> [WHAT TO DO] Transcribe all the entries word for word, but omit the images.

Captioned web image data:
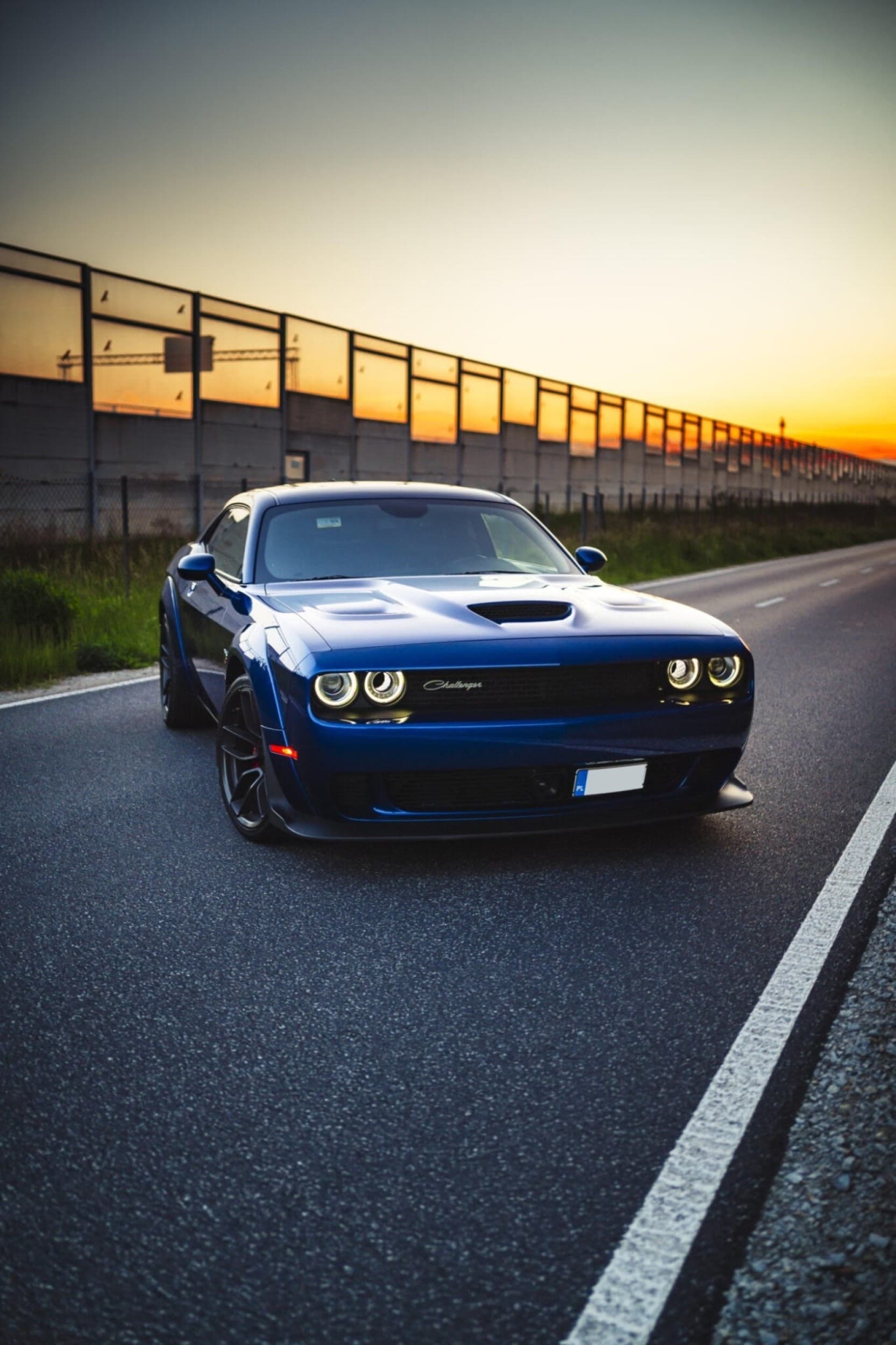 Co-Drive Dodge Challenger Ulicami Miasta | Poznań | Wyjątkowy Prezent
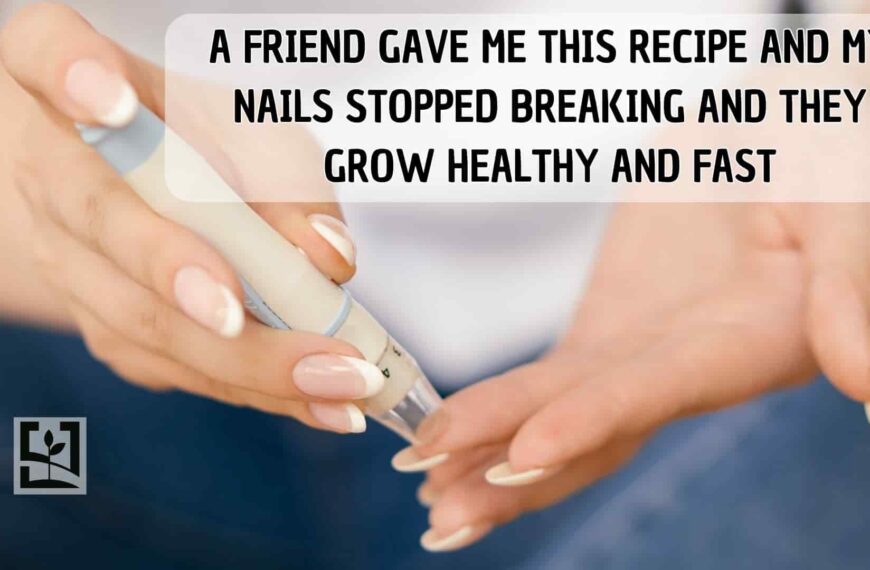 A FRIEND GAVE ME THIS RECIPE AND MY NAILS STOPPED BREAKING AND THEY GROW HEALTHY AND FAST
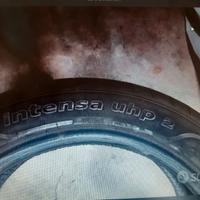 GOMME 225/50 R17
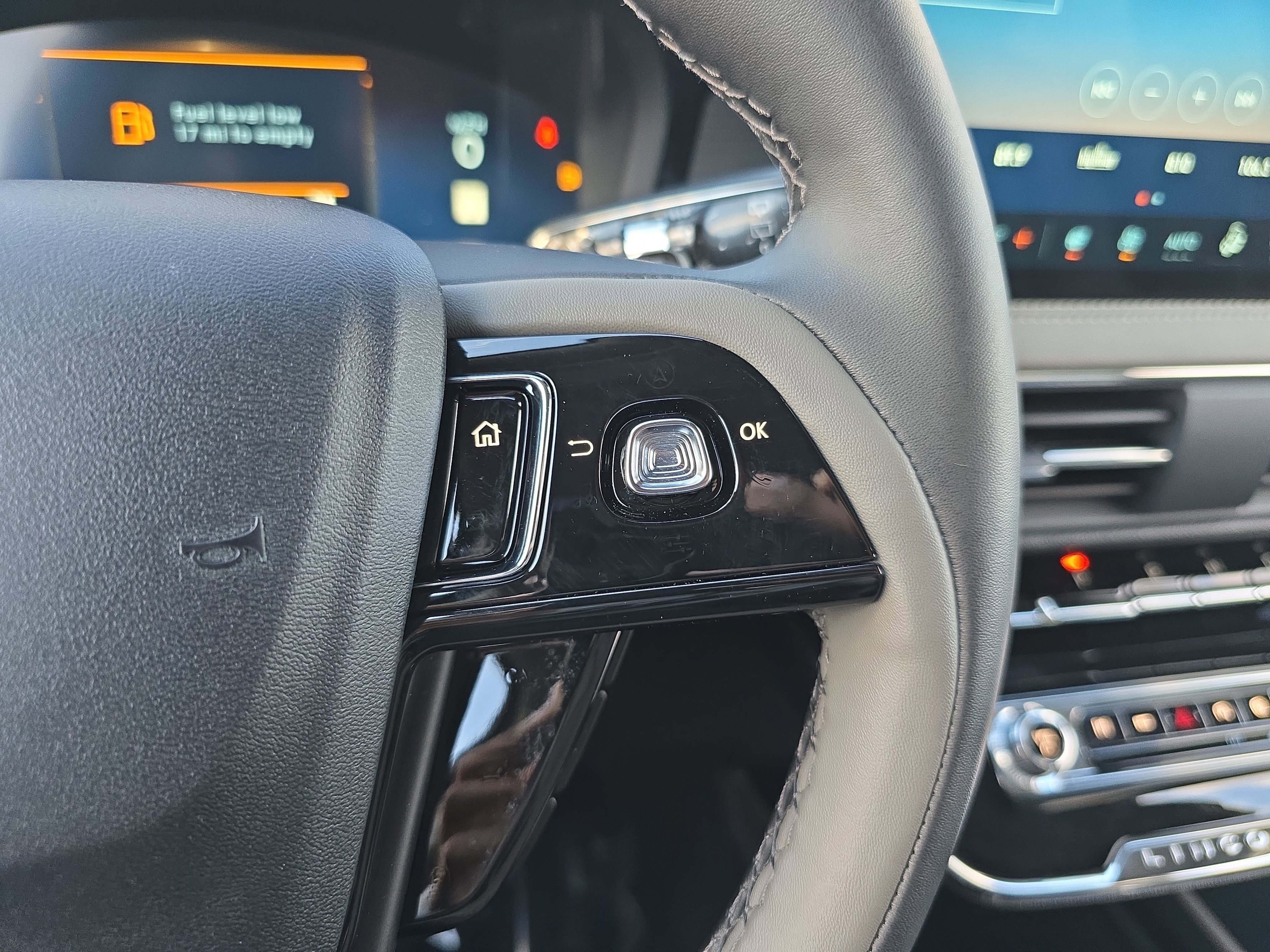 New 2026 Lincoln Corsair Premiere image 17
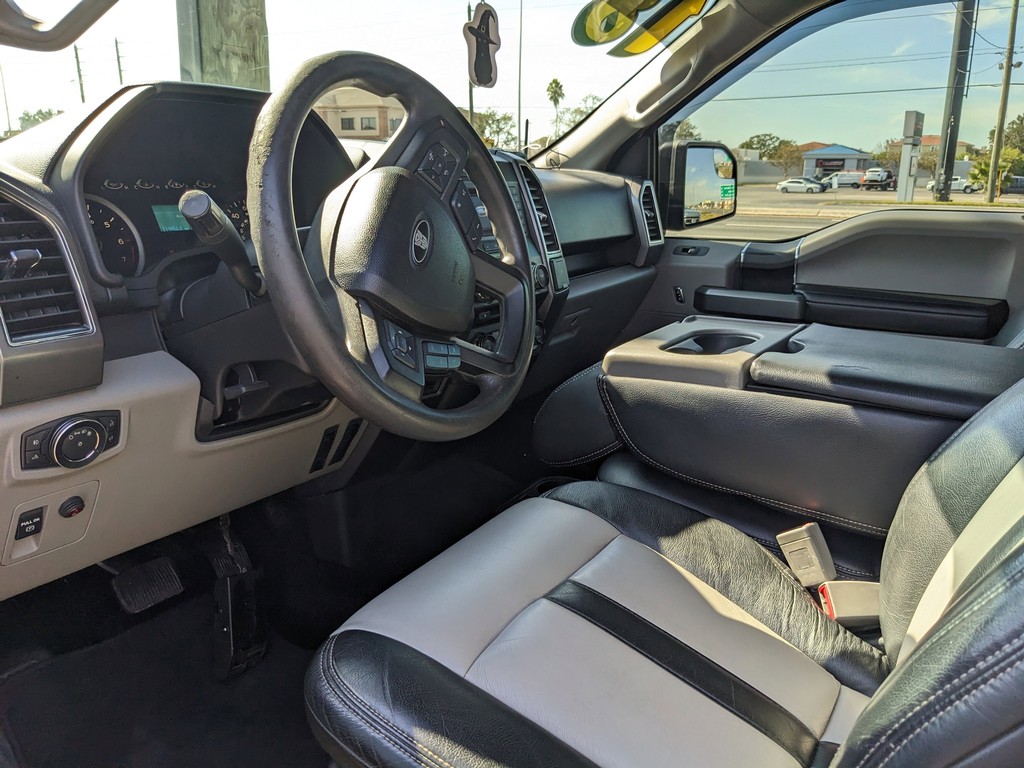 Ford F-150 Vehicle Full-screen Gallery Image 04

> [PROBLEM SOLUTION]
 Co-Drive Dodge Challenger Ulicami Miasta | Poznań | Wyjątkowy Prezent
 A FRIEND GAVE ME THIS RECIPE AND MY NAILS STOPPED BREAKING AND THEY GROW HEALTHY AND FAST
 GOMME 225/50 R17
 New 2026 Lincoln Corsair Premiere image 17
 Ford F-150 Vehicle Full-screen Gallery Image 04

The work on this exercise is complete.